Pourquoi les rues étaient-elles si propres???? Pourquoi n'y avait-il pas des mégots par terre? mais alors aussi, pourquoi le seul coin de vestige archéologique était-il devenu une poubelle??? Est ce parce que les visiteurs du centre ville ne regardent jamais en bas ni en arrière? Alors, comment avancent-ils???? On a tous besoin d'un rétroviseur pour arriver à destination n'est ce pas? J'ai mangé une glace et j'ai acheté des cartes postales. je me suis poudrée le bout du nez et mis du noir autour de mes yeux, puis j'ai pris la voiture, cheveux au vent, fenetres aux éclats, tout feux dehors et tout flammes dedans et je suis allée rejoindre mes amis pour attiser la nuit, l'enflammer, et l'oublier au bord du matin, grise en cendres, fatiguée mais si intensément cathartique.

Journal de Bord Liban. Le chat


meow? Noir sur les toits de la nuit.

Journal de Bord Liban. Les trois colombes



A part dans les mariages, je n'avais jamais vu des colombes toutes blanches dans les rues libanaises. Et pourtant elles étaient là, trois à se promener tranquillement sur le trottoir devant ma maison. L'une derrière l'autre. puis elles ont pris leur envol, sous mes yeux ébahis, tranquillement, en se promenant dans le ciel, en faisant des rondes puis en disparaissant dans le jardin du couvent de Notre Dame du puits.

Journal de Bord Liban. L'histoire de la bougie


La bougie libanaise a une histoire unique, propre à elle même. Elle se renouvelle continuellement sous toutes les formes possibles et ne subit jamais les avancées du temps. La bougie libanaise a illuminé nos nuits de guerre, guidé nos lecture, ornementé nos gâteaux d'anniversaires. Elle a accompagné les prières de nos mamans et aujourd'hui, lorsque l'état libanais n'assure pas l'électricité à son peuple 24h sur 24 et lorsque les particuliers ne veulent pas distribuer le courant de leurs moteurs de particuliers plus tard qu'une certaine heure de la nuit, la maman libanaise laisse une bougie allumée dans l'escalier, et une devant la porte d'entrée du foyer et une dans le couloir de la maison pour guider ses grands enfants rentrés tard très tard la nuit de la folie des soirées libanaises, pour pas qu'ils se fassent mal, pour pas qu'ils trébuchent dans l'escalier et pour qu'ils arrivent sains et saufs dans leur lit, cuver leurs reves et décuver de leur nuit.

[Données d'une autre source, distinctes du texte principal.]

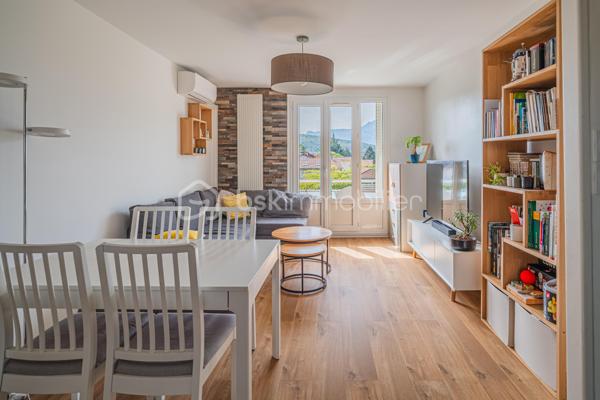 * Charmant T3 rénové avec goût à Eybens *

Situé avenue Jean Jaurès à Eybens, au sein d'une copropriété calme et bien entretenue, ce bel appartement 3 pièces offre un cadre de vie particulièrement agréable. Au 3ème étage sans ascenseur, il profite d'une vue dégagée sur les massifs, sans aucun vis à vis.

L'agencement de cet appartement traversant est fonctionnel. Il se compose d'une entrée qui ouvre sur un séjour convivial avec accès au balcon, d'une élégante cuisine aménagée et équipée, de 2 chambres, d'une salle d'eau et d'un wc indépendant. Rénové avec goût en 2021, il ne vous reste plus qu'à poser vos valises !

Idéalement situé à proximité des commerces, des transports en commun (bus C4 et C7), des écoles et des principaux axes de circulation, cet appartement conjugue confort, qualité de rénovation et environnement privilégié.

INFORMATIONS COMPLEMENTAIRES  
- Installation d'une climatisation en 2025.
- Chauffage individuel au gaz.
- Les diagnostics immobiliers ne révèlent aucune anomalie sur les installations intérieures de gaz et d'électricité.
- Appartement raccordé à la fibre optique. 
- Une cave en sous-sol complète ce bien.

COPROPRIETE 
- Places de stationnement collectives réservées aux copropriétaires. 
- Ravalement de façade réalisé.

TAXE FONCIERE 2025 : 1 120 €.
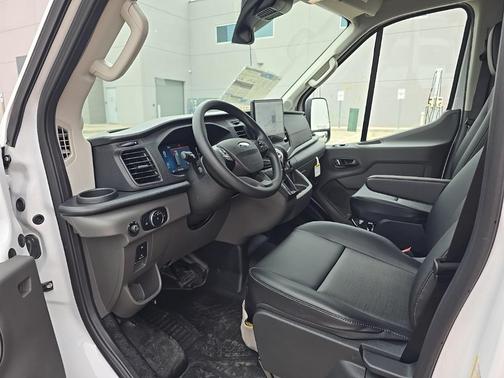 2026 Ford Transit-250 148 WB Medium Roof Cargo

Journal de Bord Liban. Jour 15: 05 Aout























French night à gemayzeh. French comme les français n'en font plus. French au point de faire danser les gens sur les rythmes un peu ridicules, un peu enfantins de "la danse des canards". French au point d'oublier le French et puis si On crie Aline Aline pour qu'elle revienne et qu'elle ne revienne pas nous on s'en fout et on danse quand meme.

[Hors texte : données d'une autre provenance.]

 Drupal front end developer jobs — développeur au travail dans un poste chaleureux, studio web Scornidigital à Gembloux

Journal de Bord Liban. Folles les décalées du Liban



















Pef est folle. Elle est haute en couleur. Elle est francophone. Elle est décalée. Elle est comme moi, amoureuse d'un pays mais incompatible avec son quotidien. Elle est une mer. Elle rit et je ris avec et on entraine les autres dans nos rires différents. Elle porte déjà 10 ans de nos souvenirs de fac, comme moi, comme Marianne et Rachel et Ramy et Chadi et Edo et tous ces gens qui 10 ans plus tard on se retrouve encore et puis on rit et on remarque que sur nos airs d'adultes les fous dansent toujours.

Journal de Bord Liban. Foo Fou furieux...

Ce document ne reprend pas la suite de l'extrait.